Transfer pricing enforcement: The IRS brings the hammer
On Oct. 20, 2023, the Internal Revenue Service
In addition, the IRS is taking swift action to close gaps created by decades of budget cuts. Large foreign-owned and U.S.-owned corporations should be prepared for a more aggressive approach from the IRS and work with industry experts who understand the ins and outs of audit-ready compliance deliverables. Furthermore, the IRS has noted that some foreign-owned companies are reporting losses or exceedingly low margins, which can be driven by transfer pricing. Foreign-owned distributors should be prepared for audits and implement internal procedures to monitor intercompany pricing.
Global minimum tax (yes, we are still talking about it)
While you're likely tired of discussing the
As countries prepare to implement these concepts in their local tax regulations, tax professionals must navigate the complexities of compliance, including determining effective tax rates and understanding how the global minimum tax interacts with local tax laws. The adoption of a global minimum tax could reshape corporate tax planning strategies, requiring tax advisors to rethink approaches to cross-border transactions, transfer pricing and risk assessment—while staying attuned to ongoing legislative developments and the implications for their clients' international operations.
Using technology to ensure accurate data, identify planning opportunities and maintain compliance are a few strategies that can set your company up for success.

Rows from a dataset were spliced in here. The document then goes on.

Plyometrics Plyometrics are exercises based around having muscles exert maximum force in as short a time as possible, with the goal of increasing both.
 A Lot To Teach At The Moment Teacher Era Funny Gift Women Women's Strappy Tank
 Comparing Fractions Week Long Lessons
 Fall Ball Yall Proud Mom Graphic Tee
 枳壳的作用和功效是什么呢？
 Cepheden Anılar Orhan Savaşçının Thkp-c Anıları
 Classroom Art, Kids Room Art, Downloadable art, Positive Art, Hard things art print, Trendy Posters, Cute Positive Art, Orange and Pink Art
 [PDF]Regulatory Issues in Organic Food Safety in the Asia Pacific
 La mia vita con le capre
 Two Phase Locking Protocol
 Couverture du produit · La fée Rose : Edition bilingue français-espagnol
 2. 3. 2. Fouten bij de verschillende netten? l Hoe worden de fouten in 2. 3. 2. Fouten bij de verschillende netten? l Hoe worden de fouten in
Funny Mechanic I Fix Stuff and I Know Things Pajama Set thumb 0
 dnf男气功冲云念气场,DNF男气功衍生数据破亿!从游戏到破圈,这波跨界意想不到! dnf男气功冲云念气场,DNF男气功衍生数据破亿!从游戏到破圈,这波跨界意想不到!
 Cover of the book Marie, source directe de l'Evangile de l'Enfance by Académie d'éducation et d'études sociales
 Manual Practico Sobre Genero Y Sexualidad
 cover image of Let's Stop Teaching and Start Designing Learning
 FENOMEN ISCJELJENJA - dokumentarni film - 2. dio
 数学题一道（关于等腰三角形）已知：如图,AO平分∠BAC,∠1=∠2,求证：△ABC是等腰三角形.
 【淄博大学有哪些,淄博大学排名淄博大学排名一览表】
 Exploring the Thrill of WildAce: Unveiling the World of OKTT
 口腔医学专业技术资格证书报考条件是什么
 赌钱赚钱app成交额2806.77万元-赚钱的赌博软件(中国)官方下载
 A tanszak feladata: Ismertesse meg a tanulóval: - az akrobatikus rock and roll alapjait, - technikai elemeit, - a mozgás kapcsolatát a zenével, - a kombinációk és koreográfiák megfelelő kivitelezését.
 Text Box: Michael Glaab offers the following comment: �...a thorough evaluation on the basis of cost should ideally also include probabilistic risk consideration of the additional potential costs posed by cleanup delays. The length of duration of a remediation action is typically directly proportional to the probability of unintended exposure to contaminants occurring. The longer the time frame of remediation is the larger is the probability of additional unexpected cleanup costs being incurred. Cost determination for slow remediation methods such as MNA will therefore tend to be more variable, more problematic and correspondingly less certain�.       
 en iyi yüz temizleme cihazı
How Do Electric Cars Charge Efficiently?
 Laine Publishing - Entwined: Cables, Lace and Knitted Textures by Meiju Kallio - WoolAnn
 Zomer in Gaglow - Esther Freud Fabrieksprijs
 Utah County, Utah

Continually assessing and monitoring these complex, evolving tax concepts will be critical as companies move into 2025.
The IRS GLAM on financial transactions
On December 29, 2023, the IRS issued General Legal Advice Memorandum AM 2023-008, titled "Effect of Group Membership on Financial Transactions under Section 482 and Treas. Reg §1.482-2(a)."
This GLAM provides nonbinding legal guidance with respect to the effects of group membership on related party financial transactions under Section 482. It aligns with the IRS's position in various controversies in this area and highlights the importance of obtaining outside technical advice.
Transfer pricing and sustainability go hand in hand
When it comes to sustainability and transfer pricing, there is no one-size-fits-all approach. Partnering with an experienced transfer pricing team that can advise on models reflecting sustainable practices, such as eco-friendly production processes or ethically sourced materials, is a valuable way to build a company's sustainability hub, or microbusiness, within an organization.
Furthermore, regulatory developments in transfer pricing are increasingly emphasizing transparency and accountability. This shift encourages companies to disclose more information about their environmental impact and consider how their pricing strategies affect local communities and ecosystems. As a result, businesses that proactively integrate sustainability into their transfer pricing practices may enhance their reputation, mitigate risks and create long-term value, while appealing to a growing base of environmentally conscious consumers and investors.
As your tax team prepares for 2025, it's essential to plan for the challenges and opportunities presented by the elements above. Establishing strategies that meet regulatory requirements as well as your organization's needs will serve your team well as it navigates the international tax landscape.